Scraped caption text data:
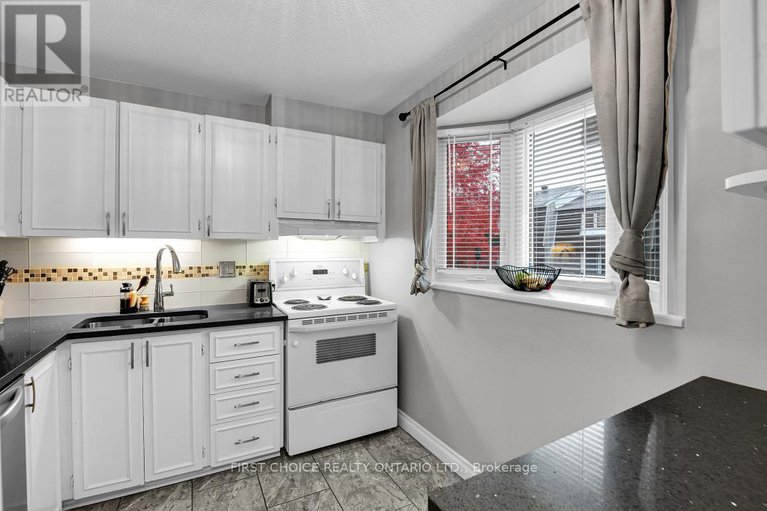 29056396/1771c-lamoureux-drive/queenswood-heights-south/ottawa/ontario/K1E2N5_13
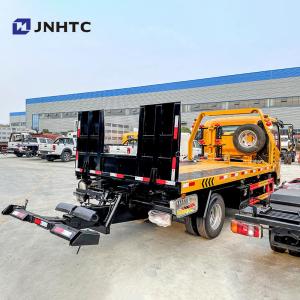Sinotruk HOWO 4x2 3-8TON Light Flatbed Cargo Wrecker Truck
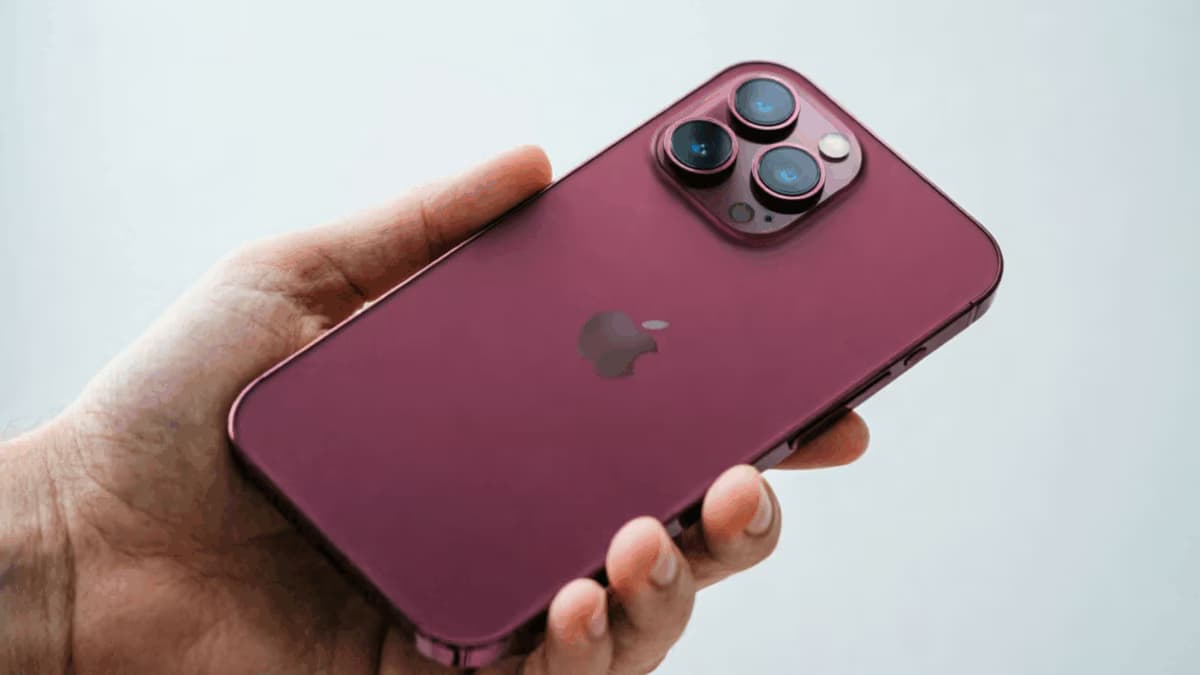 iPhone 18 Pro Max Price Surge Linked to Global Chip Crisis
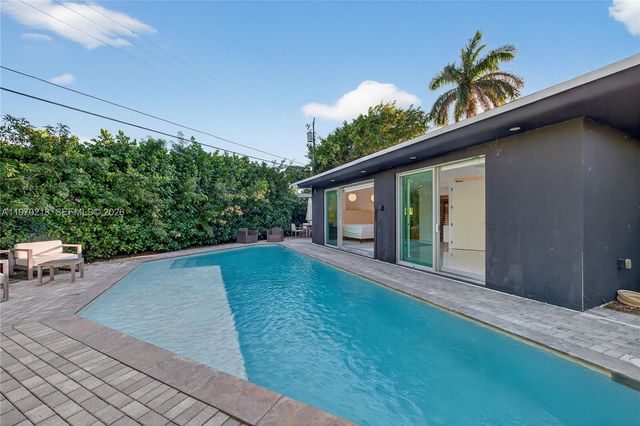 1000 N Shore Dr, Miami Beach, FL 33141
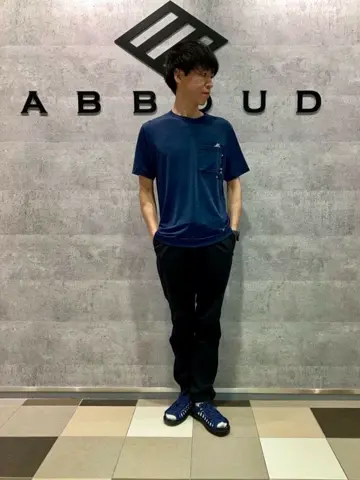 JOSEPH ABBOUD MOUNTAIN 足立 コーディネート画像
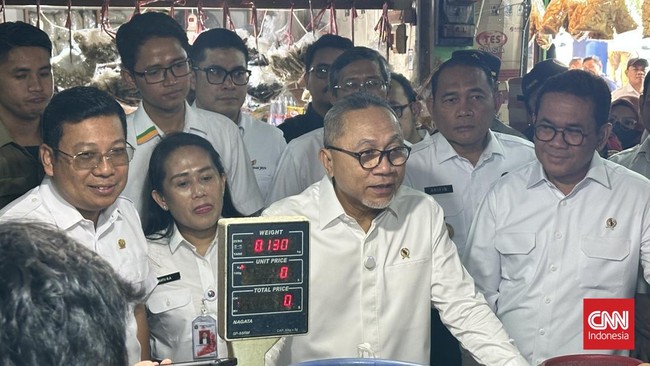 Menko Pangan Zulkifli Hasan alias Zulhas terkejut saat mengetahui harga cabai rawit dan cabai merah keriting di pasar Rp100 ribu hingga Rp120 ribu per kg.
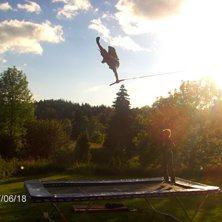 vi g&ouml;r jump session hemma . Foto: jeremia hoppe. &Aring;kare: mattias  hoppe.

- _TASK REQUIREMENTS_
Could you transcribe exactly the lines from the line containing "Menko Pangan Zulkifli" through the final line of the records, both included, and nothing beyond them? The pictures should be left out.

- _YOUR SOLUTION_
 Menko Pangan Zulkifli Hasan alias Zulhas terkejut saat mengetahui harga cabai rawit dan cabai merah keriting di pasar Rp100 ribu hingga Rp120 ribu per kg.
 vi g&ouml;r jump session hemma . Foto: jeremia hoppe. &Aring;kare: mattias  hoppe.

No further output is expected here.